Stored data:
= Beginning of Section =
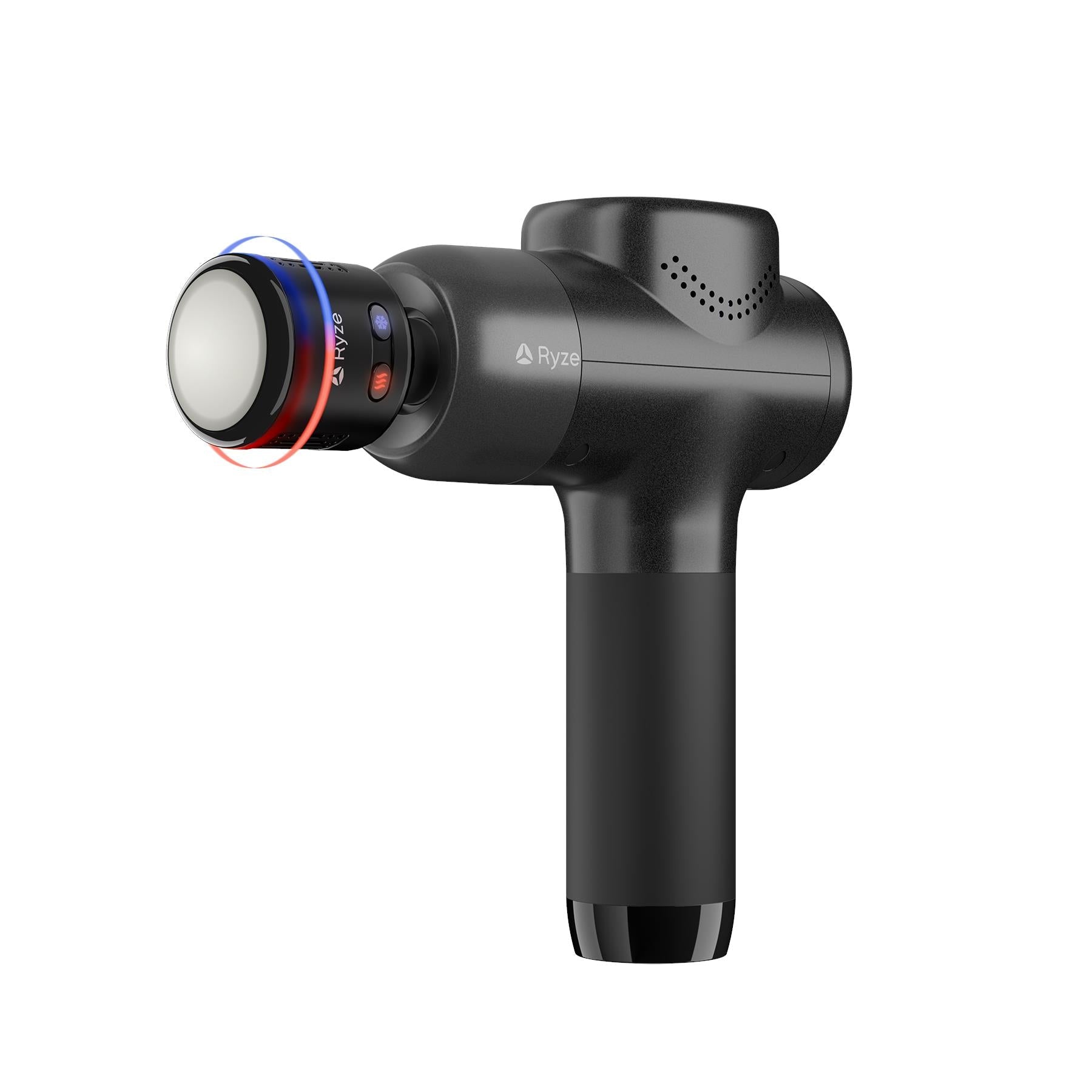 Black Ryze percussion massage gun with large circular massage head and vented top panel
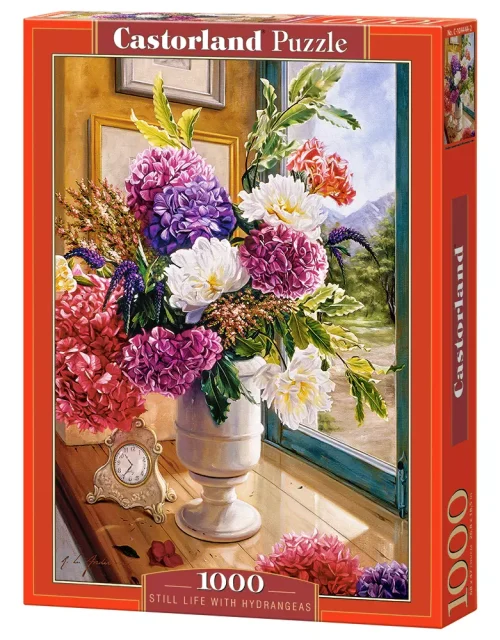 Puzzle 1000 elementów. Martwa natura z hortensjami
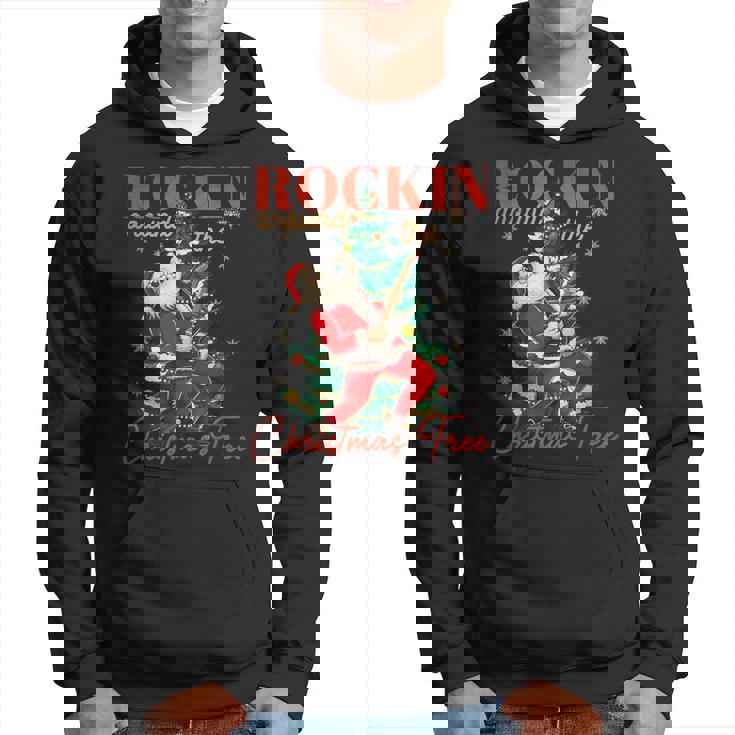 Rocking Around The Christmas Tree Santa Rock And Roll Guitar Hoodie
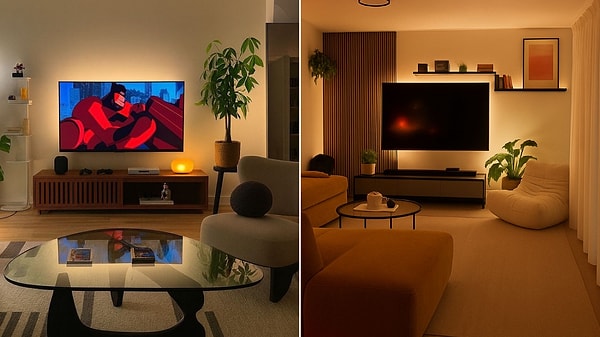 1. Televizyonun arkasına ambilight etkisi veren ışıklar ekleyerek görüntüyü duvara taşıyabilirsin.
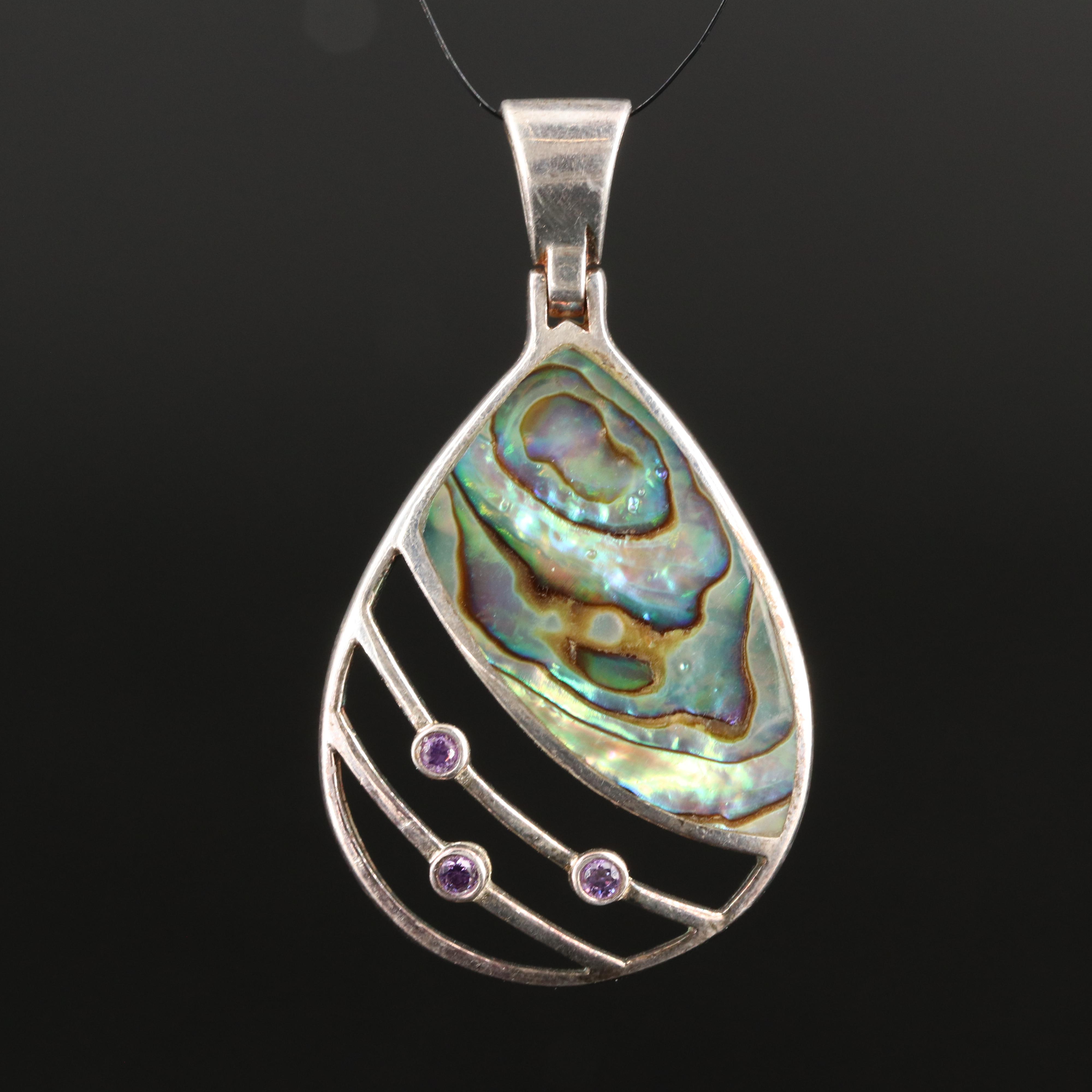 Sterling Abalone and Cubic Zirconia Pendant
= End of Section =
Directions: Reproduce the lines above exactly, please, but not the pictures in them.

Answer to this task:
 Black Ryze percussion massage gun with large circular massage head and vented top panel
 Puzzle 1000 elementów. Martwa natura z hortensjami
 Rocking Around The Christmas Tree Santa Rock And Roll Guitar Hoodie
 1. Televizyonun arkasına ambilight etkisi veren ışıklar ekleyerek görüntüyü duvara taşıyabilirsin.
 Sterling Abalone and Cubic Zirconia Pendant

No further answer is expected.